Marston had long been fascinated with dominance and submission within relationships and between the sexes, and three experiment with bondage in their lovemaking.  Marston channels these ideas into a comic strip, and Wonder Woman is born.

Robinson tells the story of the menage a trois in flashbacks from the current scene in which Marston is answering for his Wonder Woman comics to the National League of Decency, who wants to have it banned.  Played by Connie Britton, the head of the organization asks him to explain for the numerous drawings of Wonder Woman in bondage, as well as questions the role of women in the strip.  His responses frame the central theme of the movie: Wonder Women originated in Amazon, an island exclusively made up of women, and later in life enters the world of man.  Women need to be able to flourish and become their own persons independently of men, and men in turn need to learn to become submissive in order to embrace a dominant woman.  He at one point erupts at her in fury as she questions his personal life with the line "Who are you to judge me?"

In addition to some not-so-original lines such as this one, the exaggerated Hollywood Polish--perfect lipstick, hair, and outfits, idyllic 1920s furniture and  dinner table settings--repelled rather than engrossed me.  It didn't entirely make sense, either--the numerous dresses these women wore, and expensive furniture they owned--as they were of meager means.  Also without spoiling it the movie has a very cheesy final scene.

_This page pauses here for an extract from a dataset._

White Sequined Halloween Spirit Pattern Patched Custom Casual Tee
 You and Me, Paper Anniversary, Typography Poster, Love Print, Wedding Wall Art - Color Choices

Megan Ellison's company, Annapurna Productions, distributed the film, and it's nice to see women having clout in Hollywood and putting out content that passes the Bechtol test with flying colors.  (Or wait, now--does it?  As Olivia and Elizabeth principally discuss William.)  Heathcote and Evans create believable and enjoyable characters, and Hall shines as the bold, outspoken Elizabeth Marston.  (Really, she outshines, but we don't need to tell that to the rest of the cast.)    

Although Robinson presents her movie as a "true story", Elizabeth & Marston's granddaughter, Christie Marston, flatly denies that any sexual relationship took place between her mother and Olive, and also explains that Wonder Woman developed under different circumstances than portrayed in the movie. 

Robinson, in this interview with Vulture, explains that she deliberately never reached out to any of the Marston family when creating the film as she wanted to tell the story according to her own interpretation of the limited facts she was able to come across.

This admission from Robinson communicated a rather disingenuous attempt at creating a true story, and given that Christie knew her grandmother and Olivia intimately, it's probably more accurate to say that Professor Marston was inspired by actual events.  For example, we do know that Elizabeth and William were married and that Olivia was his mistress and that they all lived together.  The threesomes, however--hugely speculative.  And, as Robinson is active in LBGT movement, this spin betrays a "facts be damned, I have an agenda" attitude she brought to the movie's creation.        

Professor Marston isn't making a huge splash at the box office, nor in the culture in the way that Wonder Woman did earlier this year.  If you want to be engaged for an hour and 48 minutes, it will do the trick.  But if you're more interested in the life of William Marston and the actual Wonder Woman creation story, you'd be better off with Jill Lepore's '14 book The Secret History of Wonder Woman, or holding out for the movie Christie Marston hopes to create.